Nebelmeer vom Kahlen Asten mit Bollerberg
© Wetterportal Sauerland
Der Sauerland-Föhn
wenn Wolken an Bergen hängen bleiben

Das es sich beim Föhn um mehr als ein Elektrogerät, welches übrigens ohne „h“ geschrieben wird, handeln kann, ist den meisten Menschen durchaus bewusst. Eine Verbindung zum Sauerland fällt hingegen schwer. Meist hört man von Münchnern, die durch die vom Föhn verursachten plötzlichen Temperaturwechsel Gesundheitsbeschwerden bekommen oder vielleicht noch von Italien-Urlaubern, die sich bei der Fahrt über den Brennerpass der plötzlichen Wetterbesserung erfreuen.  Das Wetterphänomen Föhn wird also vor allem bzw. ausschließlich mit dem Alpenraum in Verbindung gebracht.  Dies hängt damit zusammen, dass die Alpen das am dichtesten besiedelte Hochgebirge der Erde sind und so besonders viele Menschen die Auswirkungen erleben.
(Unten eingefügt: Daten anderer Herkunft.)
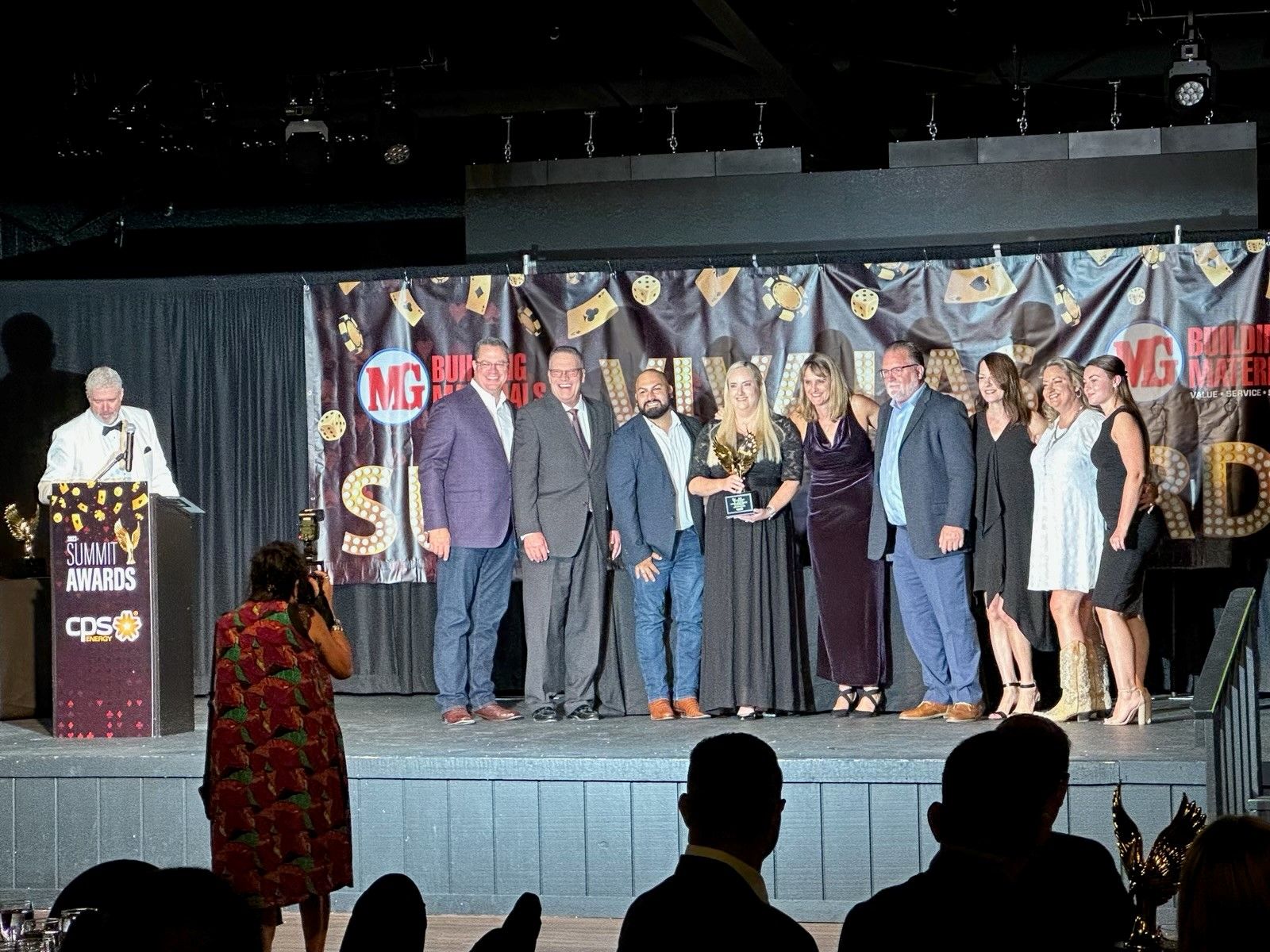 Ashton Woods Recognized at 2023 Greater San Antonio Builders Association Summit Awards Builder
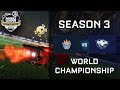 Mock-It Esports vs Northern Gaming Grand Finals World Championship - RLCS S3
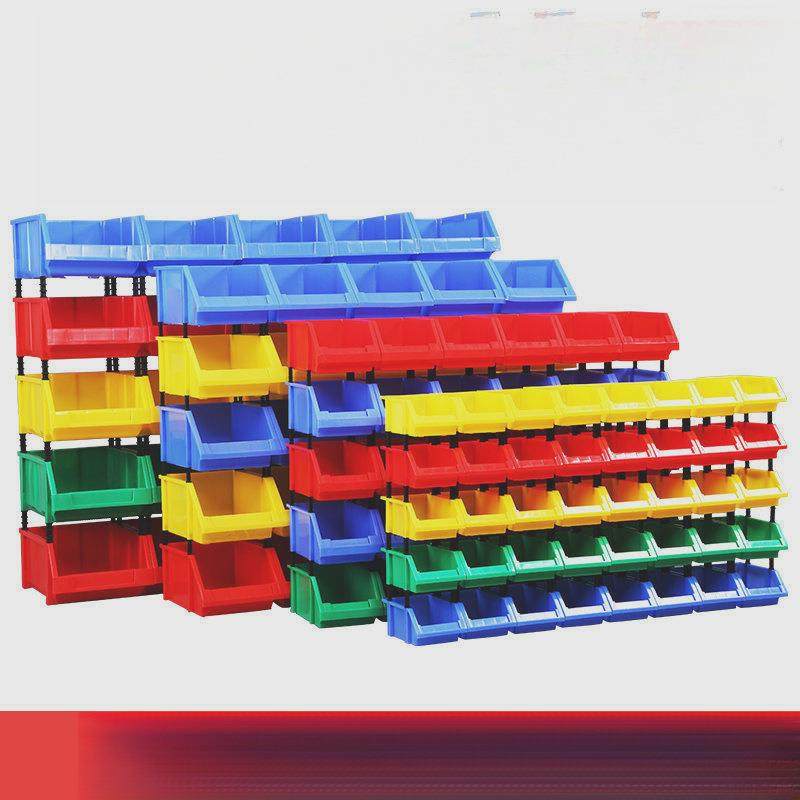 工具收纳整理架 组合式加厚储物分格螺丝工具箱 立式仓储塑胶奥跃,标准件/零部件/工业耗材,车间地垫,淘宝优惠券,粉丝福利购,淘宝优惠卷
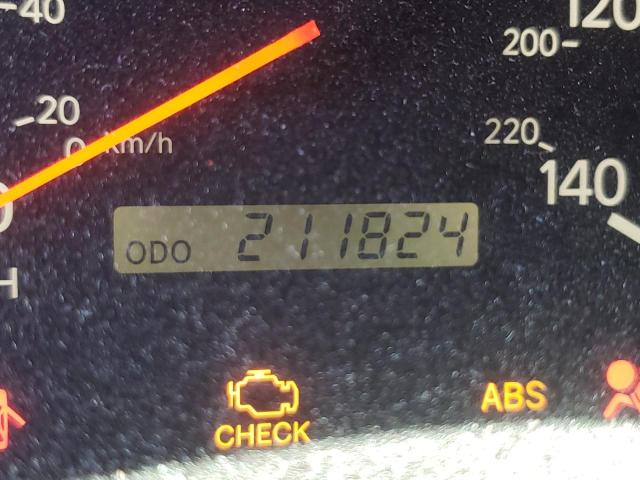 Photo 8 from auction – 1998 LEXUS ES 300 with VIN JT8BF28G2W5047447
Dabei kann der Föhn überall da auftreten, wo sich Berge  quer zu einer Luftströmung auftürmen. Wie hoch diese Berge sind ist dabei unerheblich, lediglich die Stärke des Phänomens wird von Ihnen bestimmt. Bekannt ist der Föhn beispielsweise auch in Nordamerika, wo dieser, Chinook genannt, die Rocky Mountains hinunter weht und in den Weiten der kanadischen Prärie für plötzliche Wärmeeinbrüche sorgen kann.
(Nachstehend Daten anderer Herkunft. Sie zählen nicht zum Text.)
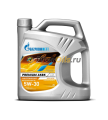 Газпромнефть Premium A5B5 5W30 API SL/CF 4л 253142585 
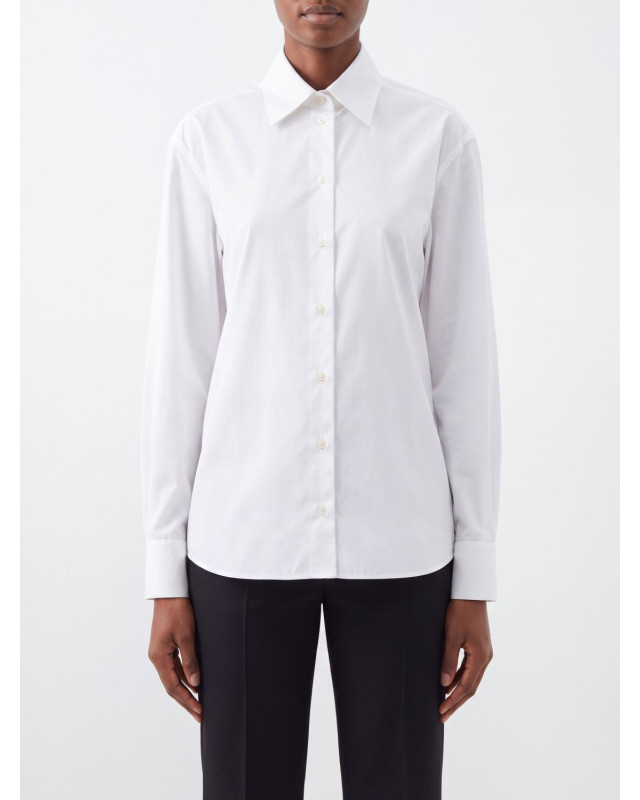[Dolce & Gabbana] Shirts Long Sleeve FW26 F5U07TFU5WO W0800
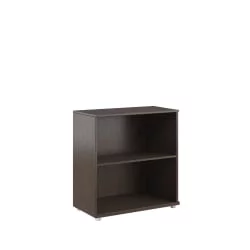 Стеллаж низкий BON30242101 Темный дуб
Wie macht sich dieser Föhn nun im Sauerland bemerkbar ? Wo tritt er auf und wie entsteht er überhaupt ? Diese Fragen sollen im Folgenden geklärt werden.

Die Theorie

Wie bereits beschrieben, tritt der Föhn immer dann besonders intensiv auf, wenn eine Luftströmung im 90°-Winkel auf ein Hindernis, also ein Gebirge trifft. Da die höchsten Erhebungen des Rothaargebirges sich auf einer Linie von Südwesten (Härdler bei Kirchhundem (756 m)) nach Nordosten (Ettelsberg bei Willingen (838 m)) anordnen ist der Föhn am effektivsten bei Nordwest- und Südostwind. Den Namen „Sauerland-Föhn“ erhält das Phänomen aufgrund des beeinflussten Gebietes aber nur im letzteren Fall, der südöstlichen Anströmung.  Die klassische Wetterlage, die zu diesem Phänomen führt, sieht daher so oder ähnlich aus:

Zwischen einem Hochdruckgebiet über Südosteuropa und tiefem Luftdruck über dem Westen des Kontinents liegt die Region in einer südöstlichen Windströmung.  Im Bereich der NW-deutschen Mittelgebirge, u.a. dem Rothaargebirge, trifft diese Luftströmung auf ein Hindernis, welches die auftreffende Masse zunächst aufstaut. Im hessischen Becken kann diese Luft bei niedrigem Sonnenstand im Herbst und Winter weiter auskühlen. Wird der Taupunkt unterschritten bildet sich Nebel, der bis zum Ostrand des Rothaargebirges, z.B. bis nach Medebach reicht. Dort wird die Luftmasse zum Aufsteigen gezwungen und kühlt sich dabei mit einer Rate von 0,5°C bis 0,7°C auf 100 Höhenmeter ab (feuchtdiabatische Abkühlung).

Die Föhnmauer

Wenn sich die Hochnebelwolken an Gebirgskämmen aufstauen und sich auf der anderen Bergseite beim Absinken auflösen entsteht der Eindruck einer Mauer aus Wolken.

Fernsichten

In höheren Luftschichten ist die Luft bei Föhnwetterlagen sehr trocken. Damit steigt die Fernsicht und die Ausblick auf Berge in mehr als 100 km Entfernung ist möglich.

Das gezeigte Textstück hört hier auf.